Preschoolers whose campus was within a few hundred yards of the Saddle Butte Fire crafted a big “Thank you firefighters” banner and hung it on the balcony of the Children’s Learning Center’s Mercill campus. Some of the Jackson Hole Fire/EMS volunteers and staffers saw the sign and decided to send a firefighter over to teach the kids how they fought the fire.
“What touches my heart,” CLC Director Patti Boyd said, “is look how young they are.”
The Mountain Lions and Ravens classes, ages 3 to 5, listened intently as Brenner Perryman showed off his Nomex clothing, thick-soled lace-up boots, Pulaski and other tools. He pointed to the fire scar on the hillside and explained some fire terminology.
“The stuff in the dark area has already burned,” Perryman said. “We want to work in the black. The area in the green still has fuel, so it can burn.”
The acronym wildland firefighters think about is LCES, he said, which stands for lookout, communication, escape route and safety zone.

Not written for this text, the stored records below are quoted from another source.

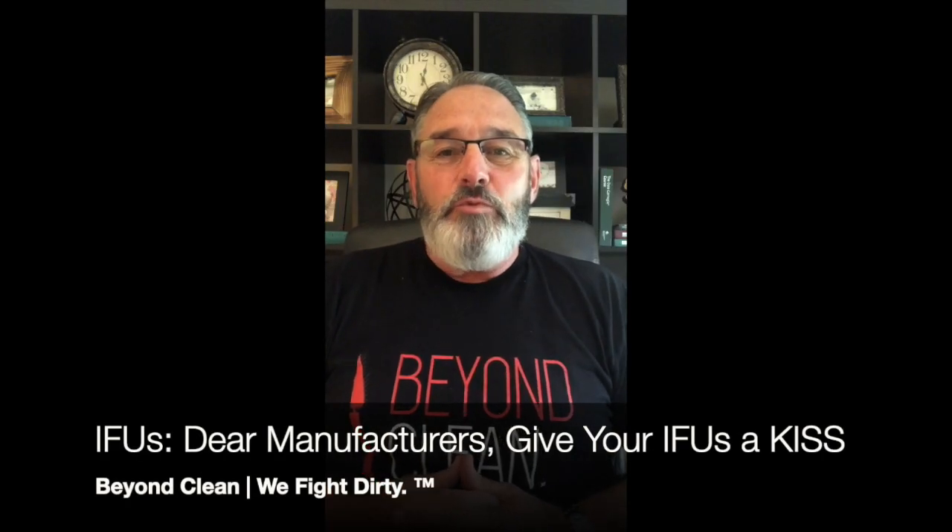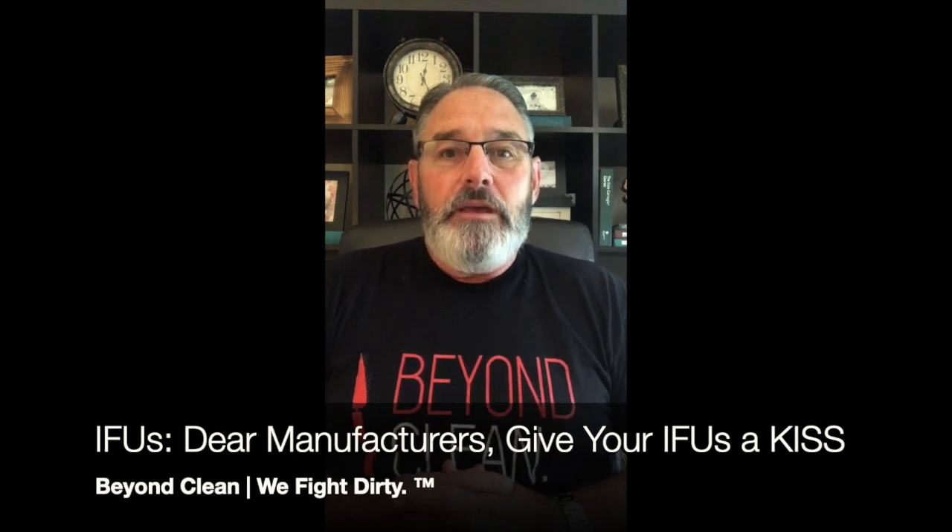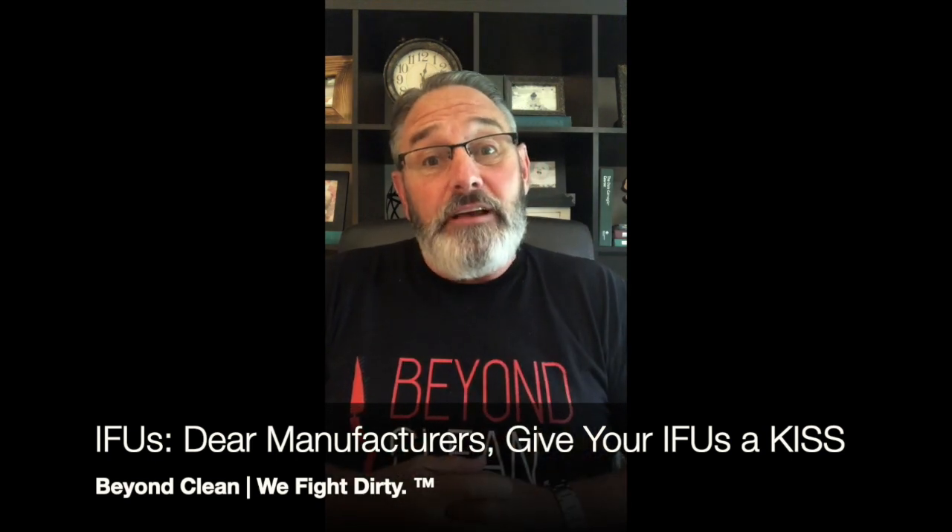Hello, Sterile Processing Universe, and welcome to this edition of Real Talk with Bob Mars. Today is our third installment of our IFU discussion — our manufacturer's instructions for use. Today I want to talk specifically to the manufacturers.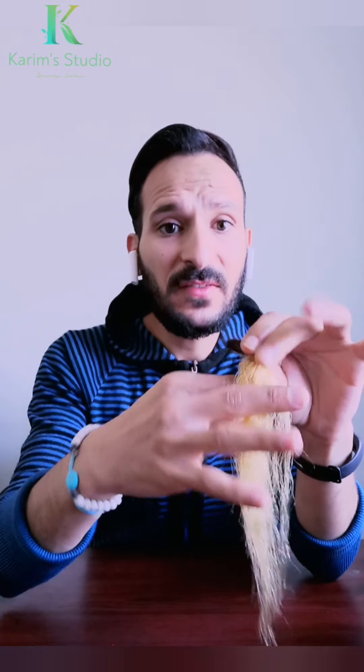زي ما انتم شايفين، لون الشعر ده أشقر أو أصفر بنانة مزعج - اللي هو لون قشرة الموزة. ده بيكون لون مزعج جداً لناس كتير. فإحنا هنسبوه بإيه؟ وإيه الألوان المفروض نسبوه بها عشان نطفي اللون ده ونتعامل مع الشعر ده؟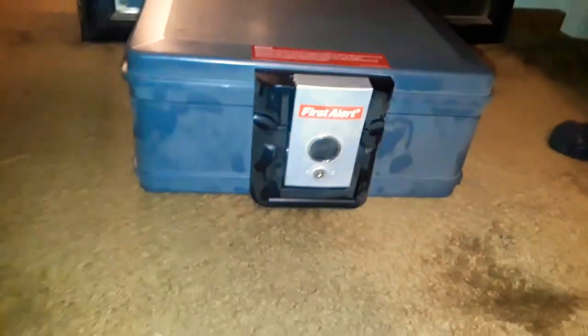Why didn't you take a picture when you had it? Never buy First Alert. Never buy this kind of box — safe box. Don't keep money in this. Or anything else? Only gold. Only gold.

“On the fire, we might not know what the wind is doing or that it’s shifting,” Perryman said. “The person down here, the lookout person, can see what’s going on. It’s a very important job.”
Firefighters use radios to communicate with the lookout person. They always have a plan for their escape route should the fire change behavior. And they’re mindful of a safety zone, perhaps a road or an already burned area.